Durante o período de prisão até ao julgamento, Pais Pinto, convive de perto com João Chagas, que o descreve em pormenor, não só em termos físicos, mas também psicológicos. Seguindo essas informações podemos notar como a população protestava pelo tratamento que era dado aos prisioneiros, que tudo indica era semelhante ao dos prisioneiros de guerra. Os desfiles públicos com os prisioneiros rodeados de soldados a pé e a cavalo com as suas baionetas revelam de certo o propósito de impedir novas tentativas idênticas aquela. Para João Chagas, o padre que ele descrevia assim: “era novo; não teria mais de trinta e dois anos ao tempo, muito alegre, muito expansivo e excepcionalmente inteligente. Vivia no entanto uma vida de uma grande pureza , sem instintos, sem apetites e sem vícios” [João Chagas, Trabalhos Forçados, vol. I, Paris/Lisboa, Livraria Aillaud e Bertrand, 1926, p. 121]. Também Homem Cristo que conviveu com Pais Pinto durante esse período descrevia o padre como “crente, e ingénuo algum tanto” e “um cavalheiro, um homem de bem, um carácter cheio de paciência pela injustiça com que o tratavam e anelando a toda a hora a felicidade da sua pátria” [Francisco Manuel Homem Christo, Os Acontecimentos de 31 de Janeiro e a minha prisão, Lisboa, Empreza Editora J. J. Nunes & Cª, 1891, p. 225]. A acreditarmos nestes dados, Pais Pinto era admirado entre os seus pares republicanos pelo seu espírito tranquilo, pela sua inteligência, pelo seu carácter bondoso, pelo desejo de bem para a pátria, pela cultura e discrição.
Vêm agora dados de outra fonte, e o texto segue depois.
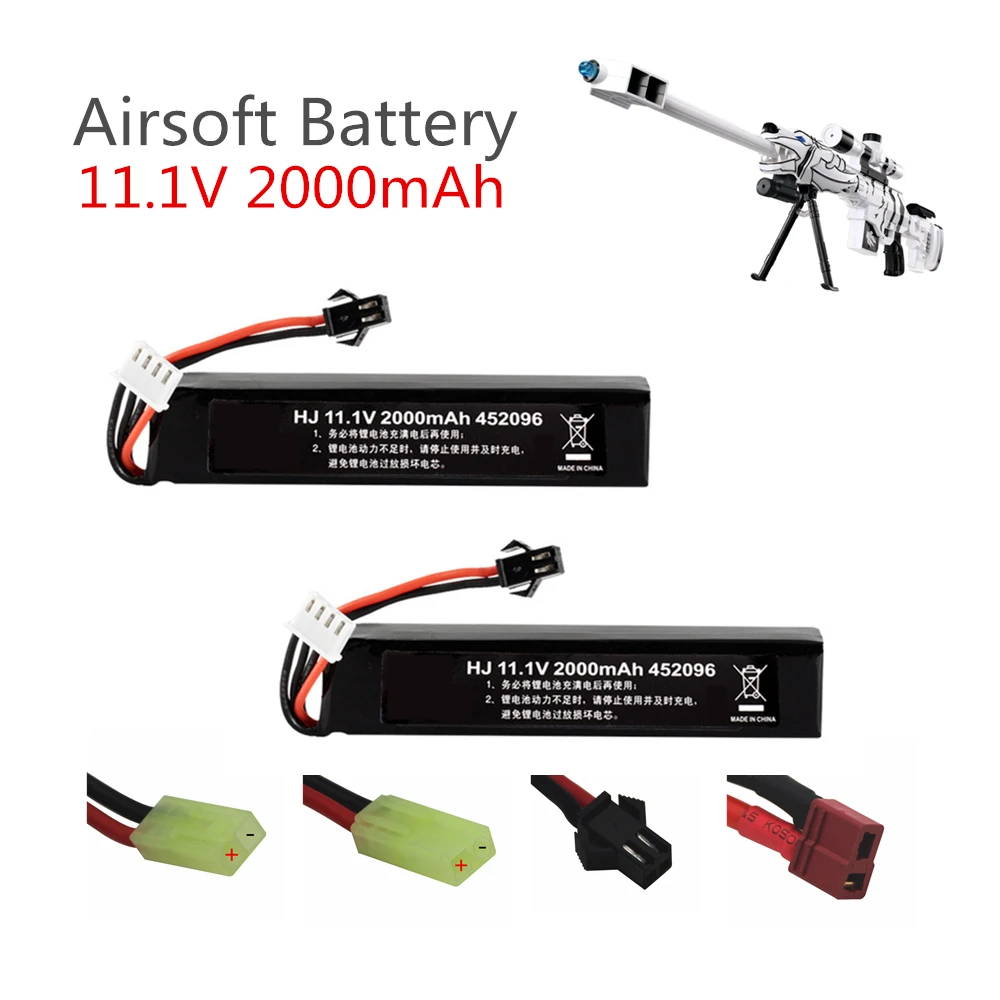 2PCS 11.1V LiPo แบตเตอรี่สำหรับน้ำปืน Airsoft 11.1V 3S 2000mAh 30C แบตเตอรี่สำหรับ Airsoft BB Air ปืนพกไฟฟ้าของเล่นปืนอะไหล่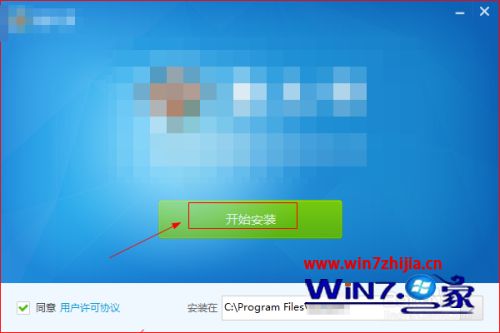 如何查看电脑硬盘接口_如何查看电脑固态硬盘接口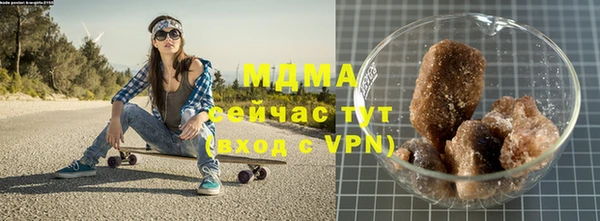 альфа пвп VHQ Гусев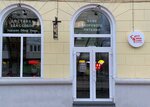 Fitmenchef (Yubileynaya ulitsa, 46), cafe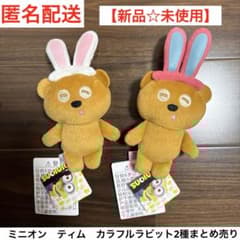 【新品☆未使用】ミニオン　ティム　カラフルラビット　2種まとめ売り　イースター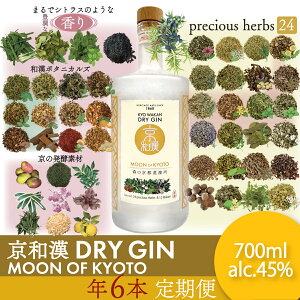 yӂ邳Ɣ[Łz X̋s@NtgW@1NR[X@a DRY GIN MOON OF KYOTO@y700mlz6{Zbg /  W NtgW  6 aA n[u  F 킢 Ô W
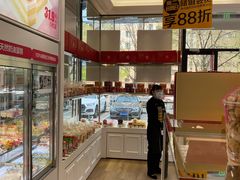 -味多美蛋糕(静安庄店)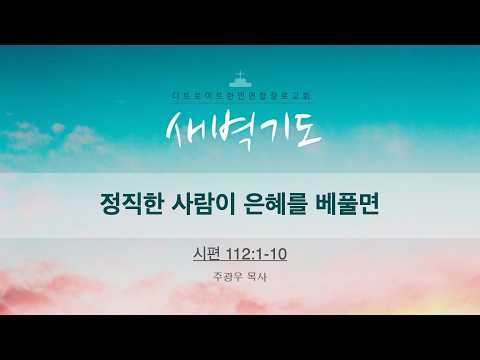유튜브 썸네일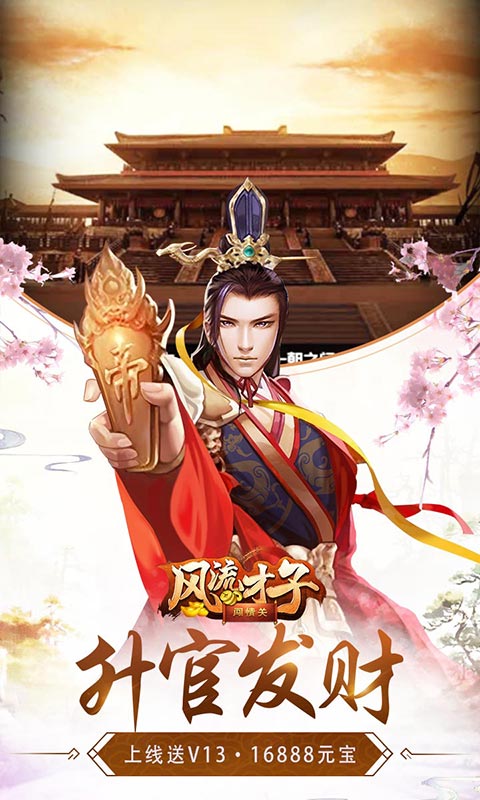 风流才子闯情关0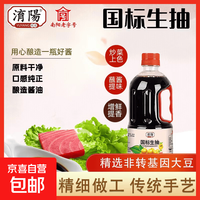 京东 国标生抽酱油800ml家用炒菜凉拌调味品 味鲜健康 国标生抽酱油800ml*1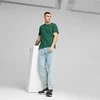 Puma Marškinėliai Vyrams Ess Small Logo Tee Žalias 586669 46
Esteve detido na cadeia do Aljube até final do mês de Fevereiro. Depois os prisioneiros foram instalados em barcos como o Moçambique, o Índia e o Bartolomeu Dias onde se mantiveram até ao inicio dos respectivos julgamentos. Porém, esta situação não os impediu de reclamar melhores condições para os da sua condição, pois conseguem produzir um protesto que foi publicado na imprensa republicana. Assim, aqueles que se encontravam prisioneiros a bordo do vapor Moçambique protestavam contra os vexames que os oficiais militares e os presos civis eram sujeitos ao serem “conduzidos como salteadores, em carros celulares desde a Relação até Massarelos, e a pé, no meio de uma escolta, desde a Foz até Matosinhos, depois de terem corrido graves riscos na barra do Porto a bordo do vapor chamado D. Luís”. Além disso, chamavam também a atenção para o facto de “nos exigirem a cada um uma quantia suficiente para um tratamento regular”. Era uma situação insustentável e penosa. E, seria ainda mais complicada, para quem a viveu sabendo que estava inocente das suspeitas de que o acusavam.

A sua principal preocupação, durante o tempo em que esteve preso, foi com a sua mãe e os irmãos. Porque ela tinha alguns problemas de saúde que se teriam agravado após a morte de um seu irmão, também padre, pouco tempo antes. Além do mais como ele próprio afirmava ao jornal A Palavra: “A minha consciência está tranquila. Parece-me desnecessário dizer-lhe que não tenho culpabilidade alguma nos factos do dia 31” o que revela algum sentimento de tranquilidade e inocência, confiando na justiça [O Abbade de S. Nicolau e o Bispo de Coimbra (Um incidente da sublevação do Porto), Porto, Typ. da Empreza Litterária e Typográphica, 1891, p. 16].

No final do julgamento, enquanto quase todos foram condenados a fortes penas de cadeia ou degredo, como já se esperava. Por seu lado, Pais Pinto, foi julgado no 1º conselho de guerra da 3ª divisão militar e foi absolvido “por unanimidade de votos em sentença proferida no dia 23 de Março”.

[Em continuação]

A.A.B.M.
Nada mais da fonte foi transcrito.